We suspected that this was the case when it appeared that we had a more direct and full on view of Ralphs Falls back then.
Even some of the lower tiers of the falls were revealed on our prior visit in November 2006.
However, in our more recent photos, the bottom sections of the falls could not be seen.
Moreover, the signage for Norm’s Lookout was set on a rock before the lookout platform itself as opposed to on the fencing of the platform like before.
In addition, there was anecdotal evidence of storms causing damage to both the track and the lookout.
So all things considered, it may no longer be safe to get the full view of the falls like we were able to on our first visit (as shown above).
Overall, Julie and I did this 1.2km return track in between 20-40 minutes.
Had we devoted the time to extend our visit and do the Cashs Gorge, we would have added another 50 minutes to the overall time spent here.
Maybe next time, we’ll be sure to fully explore all that this place has to offer.
Ralphs Falls resides in the Ralphs Falls Reserve near St Helens, Tasmania. It is administered by the Tasmania Parks and Wildlife Service.
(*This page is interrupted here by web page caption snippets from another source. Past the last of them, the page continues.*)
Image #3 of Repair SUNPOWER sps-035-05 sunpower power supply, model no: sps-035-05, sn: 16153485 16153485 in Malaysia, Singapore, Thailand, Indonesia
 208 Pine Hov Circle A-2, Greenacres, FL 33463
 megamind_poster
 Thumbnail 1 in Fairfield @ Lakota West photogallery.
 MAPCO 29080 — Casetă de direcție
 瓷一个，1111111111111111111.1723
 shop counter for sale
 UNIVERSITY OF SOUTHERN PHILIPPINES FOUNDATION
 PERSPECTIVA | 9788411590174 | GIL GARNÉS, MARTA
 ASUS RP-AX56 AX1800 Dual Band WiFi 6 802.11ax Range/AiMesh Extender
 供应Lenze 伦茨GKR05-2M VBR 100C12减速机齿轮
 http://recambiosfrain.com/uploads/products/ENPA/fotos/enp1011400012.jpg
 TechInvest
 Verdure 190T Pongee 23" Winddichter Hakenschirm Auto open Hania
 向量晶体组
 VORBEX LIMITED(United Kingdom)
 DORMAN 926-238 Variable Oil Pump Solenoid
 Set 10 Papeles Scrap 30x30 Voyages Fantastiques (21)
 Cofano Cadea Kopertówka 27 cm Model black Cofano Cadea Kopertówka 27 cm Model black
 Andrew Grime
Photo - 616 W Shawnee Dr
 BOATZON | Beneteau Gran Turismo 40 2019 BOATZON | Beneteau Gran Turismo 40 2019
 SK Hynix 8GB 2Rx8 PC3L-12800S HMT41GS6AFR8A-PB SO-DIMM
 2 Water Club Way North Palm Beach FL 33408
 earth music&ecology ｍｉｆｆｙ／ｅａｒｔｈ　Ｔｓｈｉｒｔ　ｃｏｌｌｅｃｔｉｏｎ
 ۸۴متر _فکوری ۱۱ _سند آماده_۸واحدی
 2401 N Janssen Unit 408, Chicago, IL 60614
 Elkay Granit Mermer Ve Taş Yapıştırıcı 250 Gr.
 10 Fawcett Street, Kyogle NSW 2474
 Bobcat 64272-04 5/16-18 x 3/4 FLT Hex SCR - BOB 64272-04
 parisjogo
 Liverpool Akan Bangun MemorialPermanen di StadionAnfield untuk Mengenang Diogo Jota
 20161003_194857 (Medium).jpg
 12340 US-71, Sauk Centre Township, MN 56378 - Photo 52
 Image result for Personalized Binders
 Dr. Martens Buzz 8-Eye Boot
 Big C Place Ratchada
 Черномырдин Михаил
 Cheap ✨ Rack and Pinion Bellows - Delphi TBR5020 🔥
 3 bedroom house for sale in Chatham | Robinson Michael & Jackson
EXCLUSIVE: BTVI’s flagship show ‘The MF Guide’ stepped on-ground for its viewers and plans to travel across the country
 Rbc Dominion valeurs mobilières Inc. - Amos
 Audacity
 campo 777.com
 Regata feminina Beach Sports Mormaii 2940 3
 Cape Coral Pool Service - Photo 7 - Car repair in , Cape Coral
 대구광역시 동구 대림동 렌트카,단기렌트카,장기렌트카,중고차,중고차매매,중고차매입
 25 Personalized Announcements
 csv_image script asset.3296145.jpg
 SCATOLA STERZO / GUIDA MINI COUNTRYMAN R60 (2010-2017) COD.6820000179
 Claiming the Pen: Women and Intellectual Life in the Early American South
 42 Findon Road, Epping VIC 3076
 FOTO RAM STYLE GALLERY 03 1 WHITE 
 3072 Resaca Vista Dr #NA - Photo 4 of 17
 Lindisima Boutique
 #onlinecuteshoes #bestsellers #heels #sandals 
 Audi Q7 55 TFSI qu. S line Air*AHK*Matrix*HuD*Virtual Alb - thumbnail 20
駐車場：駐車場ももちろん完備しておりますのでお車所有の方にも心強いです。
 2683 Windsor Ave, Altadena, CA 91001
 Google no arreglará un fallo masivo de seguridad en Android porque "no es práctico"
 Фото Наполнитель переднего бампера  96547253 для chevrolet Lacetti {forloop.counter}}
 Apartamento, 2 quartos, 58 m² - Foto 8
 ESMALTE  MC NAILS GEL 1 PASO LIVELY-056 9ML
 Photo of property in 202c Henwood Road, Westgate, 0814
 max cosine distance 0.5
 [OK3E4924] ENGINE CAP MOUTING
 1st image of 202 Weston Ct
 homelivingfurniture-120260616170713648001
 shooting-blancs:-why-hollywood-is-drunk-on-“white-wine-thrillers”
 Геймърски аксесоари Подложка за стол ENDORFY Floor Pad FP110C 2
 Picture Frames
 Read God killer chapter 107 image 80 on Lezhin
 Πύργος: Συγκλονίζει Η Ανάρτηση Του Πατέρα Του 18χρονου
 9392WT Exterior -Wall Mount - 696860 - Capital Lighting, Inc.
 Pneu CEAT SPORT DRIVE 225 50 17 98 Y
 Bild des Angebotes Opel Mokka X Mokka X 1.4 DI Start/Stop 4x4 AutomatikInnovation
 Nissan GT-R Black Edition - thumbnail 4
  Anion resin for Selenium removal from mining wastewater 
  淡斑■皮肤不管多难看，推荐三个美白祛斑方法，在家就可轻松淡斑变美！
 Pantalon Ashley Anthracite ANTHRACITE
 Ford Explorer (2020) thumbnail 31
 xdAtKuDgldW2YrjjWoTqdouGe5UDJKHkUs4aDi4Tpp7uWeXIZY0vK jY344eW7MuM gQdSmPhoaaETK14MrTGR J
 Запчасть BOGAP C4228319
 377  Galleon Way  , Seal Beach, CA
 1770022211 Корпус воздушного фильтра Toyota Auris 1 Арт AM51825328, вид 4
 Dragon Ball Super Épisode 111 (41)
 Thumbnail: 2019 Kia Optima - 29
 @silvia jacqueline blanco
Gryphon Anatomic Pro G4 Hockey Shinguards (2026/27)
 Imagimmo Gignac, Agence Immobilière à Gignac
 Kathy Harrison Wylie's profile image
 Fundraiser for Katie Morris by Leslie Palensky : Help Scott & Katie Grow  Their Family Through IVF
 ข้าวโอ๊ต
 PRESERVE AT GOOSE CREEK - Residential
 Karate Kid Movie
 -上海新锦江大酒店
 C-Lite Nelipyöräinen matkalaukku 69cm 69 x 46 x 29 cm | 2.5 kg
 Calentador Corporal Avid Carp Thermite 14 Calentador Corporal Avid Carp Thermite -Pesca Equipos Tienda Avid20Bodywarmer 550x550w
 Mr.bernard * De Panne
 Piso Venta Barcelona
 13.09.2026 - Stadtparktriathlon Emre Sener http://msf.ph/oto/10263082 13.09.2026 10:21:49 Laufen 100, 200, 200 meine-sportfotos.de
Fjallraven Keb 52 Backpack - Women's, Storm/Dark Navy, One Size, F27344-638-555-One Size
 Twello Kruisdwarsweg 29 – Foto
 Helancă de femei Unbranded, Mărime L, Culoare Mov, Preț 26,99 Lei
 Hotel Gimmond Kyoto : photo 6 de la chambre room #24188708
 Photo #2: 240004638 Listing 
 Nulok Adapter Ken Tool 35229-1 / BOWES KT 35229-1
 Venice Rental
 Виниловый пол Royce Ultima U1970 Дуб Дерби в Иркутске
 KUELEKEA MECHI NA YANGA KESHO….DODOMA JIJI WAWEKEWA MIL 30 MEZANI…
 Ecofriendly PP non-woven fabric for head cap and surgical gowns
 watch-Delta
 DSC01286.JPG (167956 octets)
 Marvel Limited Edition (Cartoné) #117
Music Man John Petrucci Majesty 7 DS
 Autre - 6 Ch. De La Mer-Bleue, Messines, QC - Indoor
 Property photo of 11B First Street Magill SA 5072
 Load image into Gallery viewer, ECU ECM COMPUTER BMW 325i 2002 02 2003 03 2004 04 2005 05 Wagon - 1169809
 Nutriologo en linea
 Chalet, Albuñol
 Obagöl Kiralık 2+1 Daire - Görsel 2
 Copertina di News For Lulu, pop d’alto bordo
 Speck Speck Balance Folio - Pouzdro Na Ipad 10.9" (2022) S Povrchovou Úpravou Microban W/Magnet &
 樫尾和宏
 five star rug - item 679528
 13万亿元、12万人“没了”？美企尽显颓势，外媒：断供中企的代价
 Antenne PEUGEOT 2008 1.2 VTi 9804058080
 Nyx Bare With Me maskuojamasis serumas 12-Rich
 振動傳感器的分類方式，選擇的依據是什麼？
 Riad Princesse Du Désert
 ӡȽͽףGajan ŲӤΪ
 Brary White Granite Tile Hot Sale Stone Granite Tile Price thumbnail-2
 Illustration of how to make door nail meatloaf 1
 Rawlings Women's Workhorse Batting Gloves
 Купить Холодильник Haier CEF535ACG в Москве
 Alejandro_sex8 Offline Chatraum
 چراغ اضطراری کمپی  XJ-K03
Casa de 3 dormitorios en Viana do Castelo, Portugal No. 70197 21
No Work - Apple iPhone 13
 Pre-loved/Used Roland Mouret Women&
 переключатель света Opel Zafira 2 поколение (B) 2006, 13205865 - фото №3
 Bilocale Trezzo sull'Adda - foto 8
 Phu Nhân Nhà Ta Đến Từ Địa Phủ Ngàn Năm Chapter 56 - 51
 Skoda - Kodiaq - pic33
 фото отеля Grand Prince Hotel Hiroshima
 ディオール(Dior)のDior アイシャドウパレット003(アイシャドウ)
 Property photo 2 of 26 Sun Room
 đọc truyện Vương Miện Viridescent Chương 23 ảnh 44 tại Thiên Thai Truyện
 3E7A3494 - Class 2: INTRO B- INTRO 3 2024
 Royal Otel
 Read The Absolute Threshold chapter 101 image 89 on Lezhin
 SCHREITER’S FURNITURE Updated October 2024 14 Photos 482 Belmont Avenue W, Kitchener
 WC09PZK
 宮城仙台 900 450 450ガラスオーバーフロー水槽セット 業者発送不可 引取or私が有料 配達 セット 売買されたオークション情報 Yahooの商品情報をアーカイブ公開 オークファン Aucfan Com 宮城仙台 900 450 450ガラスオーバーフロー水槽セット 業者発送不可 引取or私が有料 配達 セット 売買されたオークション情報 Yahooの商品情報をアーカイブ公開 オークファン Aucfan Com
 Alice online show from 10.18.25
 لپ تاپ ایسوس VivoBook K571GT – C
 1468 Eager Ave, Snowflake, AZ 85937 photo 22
For information or inquiries about the area as well as current conditions, visit their website.
Since the nearest city of reasonable distance to Ralphs Falls is Launceston, we’ll describe the driving directions from there.
We were also able to make a visit here from St Columba Falls as well as St Helens so we’ll describe those driving routes later in this section.
Driving from Launceston to Ralphs Falls
From the Launceston CBD, we’d head east onto the Tasman Highway (A3) for about 62km to the town of Scottsdale.
Note that the Sideling Lookout was about 48km along the A3 from Launceston.
Once in Scottsdale, we turned right to continue on the Tasman Highway (A3) and took it for another 20.5km to the Carisbrook Lane (C423) turnoff on the right.
After going onto C423, we continued another 8km to the small farming town of Ringarooma.
In the town, we kept straight on the C423 for the next 1.5km before leaving the road to go onto the New River Rd straight ahead (Mathinna Plains Rd was on the right).
After 4km, we then left the New River Rd to turn right and go onto the Forest Lodge Rd / Mt Victoria Rd (by this time, there were signs pointing the way to Ralphs Falls).
We followed this unsealed road for about 10.5km to the signed car park opposite a shelter on the left side.
Overall, this 106km drive took us under 2 hours to do.
Driving from St Columba Falls or St Helens to Ralphs Falls
Coming from St Columba Falls, we backtracked for about 1.6km, we then turned left and took the unsealed Forest Lodge Rd / Mt Victoria Rd for about 11km to the car park for Ralphs Falls on the right.
From St Helens, we’d drive the Tasman Highway (A3) for about 24km to Pyengana.
Then, we’d turn left onto the St Columba Falls Rd (C428) and drive for a little over 9km to the Forest Lodge Rd / Mt Victoria Rd on the right.
Then, we’d turn right onto the unsealed road and follow it to the car park after about 10.5km.
For some geographical context, Launceston was about 103km (over an hour drive) east of Devonport, 167km (over 2 hours drive) west of St Helens, and 201km (nearly 2.5 hours drive) north of Hobart.